Speak to Haelga, and it has to check if she's in PotentialFollowerFaction to get an early out.

 

Or maybe there was never a clear reason for it. Or it "felt" better as a Hello?

 

If I start messing with the start, it will surely go further, and that's time not spent on other things.

 

I'd like the start to involve some kind of up-front trickery that actually sets the stage for the deal enslavement, rather than just having that happen when you never really agreed to it.

 

But that would mean the flow would have to be more like:

 

Recruit follower - Follow Me - I can't block this dialog because some mods replicate it

Follower is recognized by DF

Follower initiates a forcegreet (yuk) and sets their terms.

 

"I'm only going to go with you if you can pay me. You understand right?"

> "OK" 

> "I'm not going to pay you."

>> "I guess we can't work together after all."

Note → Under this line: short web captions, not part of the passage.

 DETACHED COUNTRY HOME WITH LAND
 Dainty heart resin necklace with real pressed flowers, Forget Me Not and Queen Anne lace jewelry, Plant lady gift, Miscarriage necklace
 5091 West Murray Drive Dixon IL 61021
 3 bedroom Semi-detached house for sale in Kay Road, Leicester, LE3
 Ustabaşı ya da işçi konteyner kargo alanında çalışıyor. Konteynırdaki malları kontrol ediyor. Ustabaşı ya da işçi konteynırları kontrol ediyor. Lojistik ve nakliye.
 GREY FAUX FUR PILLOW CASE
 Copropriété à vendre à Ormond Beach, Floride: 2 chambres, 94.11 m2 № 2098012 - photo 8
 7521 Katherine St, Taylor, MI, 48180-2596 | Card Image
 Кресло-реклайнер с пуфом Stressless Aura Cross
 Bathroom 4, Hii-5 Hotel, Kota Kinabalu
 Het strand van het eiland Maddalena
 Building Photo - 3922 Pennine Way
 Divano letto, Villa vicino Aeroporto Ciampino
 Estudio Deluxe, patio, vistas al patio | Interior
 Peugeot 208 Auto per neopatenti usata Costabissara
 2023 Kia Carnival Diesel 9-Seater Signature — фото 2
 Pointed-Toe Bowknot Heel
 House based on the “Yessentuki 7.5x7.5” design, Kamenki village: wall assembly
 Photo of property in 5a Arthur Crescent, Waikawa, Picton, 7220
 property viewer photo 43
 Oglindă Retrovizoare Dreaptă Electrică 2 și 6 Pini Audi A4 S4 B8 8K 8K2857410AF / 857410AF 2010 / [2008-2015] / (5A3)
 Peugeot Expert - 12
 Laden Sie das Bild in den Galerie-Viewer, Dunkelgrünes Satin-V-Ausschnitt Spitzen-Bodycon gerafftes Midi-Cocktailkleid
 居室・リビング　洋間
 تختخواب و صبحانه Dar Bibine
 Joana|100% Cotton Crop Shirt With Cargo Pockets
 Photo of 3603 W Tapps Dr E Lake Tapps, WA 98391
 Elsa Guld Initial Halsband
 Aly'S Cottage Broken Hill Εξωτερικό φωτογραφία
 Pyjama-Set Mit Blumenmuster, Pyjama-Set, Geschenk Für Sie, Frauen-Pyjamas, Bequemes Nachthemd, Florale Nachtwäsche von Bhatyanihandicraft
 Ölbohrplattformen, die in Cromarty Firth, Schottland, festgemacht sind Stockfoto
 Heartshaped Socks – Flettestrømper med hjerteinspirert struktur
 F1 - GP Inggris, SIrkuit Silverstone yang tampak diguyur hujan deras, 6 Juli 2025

And then the follower is removed and some kind of rehire timer set on them, so if you hire them again too soon, they'll just silently self-dismiss.

 

And from "OK"

>> "Great. Just so we're clear. I have a few rules you need to agree to. But it's really only a thing if you can't pay. You can pay, can't you?"

>>> "Yes" (conversation over, DF hired)

>>> "I don't know."

>>>> "If you owe me money, it will be up to me how to collect it. But if that happens, I'm sure we can make a deal so you can pay me back another way. OK?"

>>>>> "Sure" (conversation over, DF hired)

>>>>> "Sounds sketchy. Maybe we should go our own ways right away?" (DF removed)

 

And if you back-out of the dialog at any point, the follower says "I guess you're happy with all my terms? I love it when a deal comes together! Let's go then?"

 

Not a massive piece of work, but digging out all the old functionality and making it sure it doesn't mess stuff up is probably the harder part.

 

Just last night I was working on Enslavement Buyout, and it took me most of the time to locate the existing code for handling it.